Open nvssynthesis opened 1 week ago
Thanks for bringing this up!
It seems like the simplest thing we could do would be to add an "index" parameter to the torch_helpers::loadGRU()
and torch_helpers::loadLSTM()
methods? I guess it would be possible to create a kind of "wrapper" layer that contains several GRU/LSTM layers internally to help streamline the process of using/loading weights for those types of layers. Although that's a little bit outside the scope of what RTNeural has supported up to this point.
I'll have a think about ways to potentially detect errors of that sort in the model-loading process... I'm sure there's more we can do, but I don't think it would be realistic to expect RTNeural to be able to catch all errors of that sort.
Not sure of the best language to describe this succinctly, but in PyTorch, there are modules with the parameter "num_layers", e.g. nn.GRU and nn.LSTM. However, the helpers in torch_helpers seem to assume that this parameter is set to 1.
For example, torch_helpers::loadGRU gets weights and biases whose suffix is always 0. When num_layers > 1, the suffixes will increment.
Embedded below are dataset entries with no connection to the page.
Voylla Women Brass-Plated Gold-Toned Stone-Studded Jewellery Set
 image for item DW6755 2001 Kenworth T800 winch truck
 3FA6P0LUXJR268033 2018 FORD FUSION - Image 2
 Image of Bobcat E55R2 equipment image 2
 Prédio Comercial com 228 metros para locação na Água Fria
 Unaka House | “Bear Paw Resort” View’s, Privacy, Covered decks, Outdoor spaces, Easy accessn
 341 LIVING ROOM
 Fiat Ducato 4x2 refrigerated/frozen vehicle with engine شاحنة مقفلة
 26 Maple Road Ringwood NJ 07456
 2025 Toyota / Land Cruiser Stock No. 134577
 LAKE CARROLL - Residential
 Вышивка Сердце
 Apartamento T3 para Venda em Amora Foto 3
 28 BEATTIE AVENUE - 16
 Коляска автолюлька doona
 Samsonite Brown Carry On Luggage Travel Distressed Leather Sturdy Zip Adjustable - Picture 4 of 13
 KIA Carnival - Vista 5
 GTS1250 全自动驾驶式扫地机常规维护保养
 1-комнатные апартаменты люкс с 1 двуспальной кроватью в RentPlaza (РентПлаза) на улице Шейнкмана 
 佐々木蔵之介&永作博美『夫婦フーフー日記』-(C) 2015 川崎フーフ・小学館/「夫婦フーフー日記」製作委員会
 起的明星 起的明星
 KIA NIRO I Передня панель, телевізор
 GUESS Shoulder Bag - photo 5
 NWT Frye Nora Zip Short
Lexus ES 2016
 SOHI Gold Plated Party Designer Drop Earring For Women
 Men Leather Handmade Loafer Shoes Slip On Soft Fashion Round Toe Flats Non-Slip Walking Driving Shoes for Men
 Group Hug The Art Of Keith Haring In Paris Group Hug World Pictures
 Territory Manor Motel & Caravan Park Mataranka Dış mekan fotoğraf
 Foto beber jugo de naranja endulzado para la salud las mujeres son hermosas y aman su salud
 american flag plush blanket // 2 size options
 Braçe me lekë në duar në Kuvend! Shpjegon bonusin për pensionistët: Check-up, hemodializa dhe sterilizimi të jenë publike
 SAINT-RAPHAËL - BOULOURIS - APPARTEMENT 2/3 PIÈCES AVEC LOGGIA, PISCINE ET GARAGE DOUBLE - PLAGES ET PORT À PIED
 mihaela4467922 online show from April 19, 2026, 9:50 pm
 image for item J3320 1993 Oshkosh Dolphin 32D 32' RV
This logic seems doable on the RTNeural end, unless there's some extra complications I'm not aware of.
I believe I can work around this by setting up the network differently in PyTorch, using nn.Sequential to manually stack GRU layers if necessary. Still, this seems important to implement, because I had a few hours where I thought everything was 'working' and the model sounded really bad, but in fact the PyTorch model had a layer's worth of weights and biases that had not been loaded into the RTNeural model.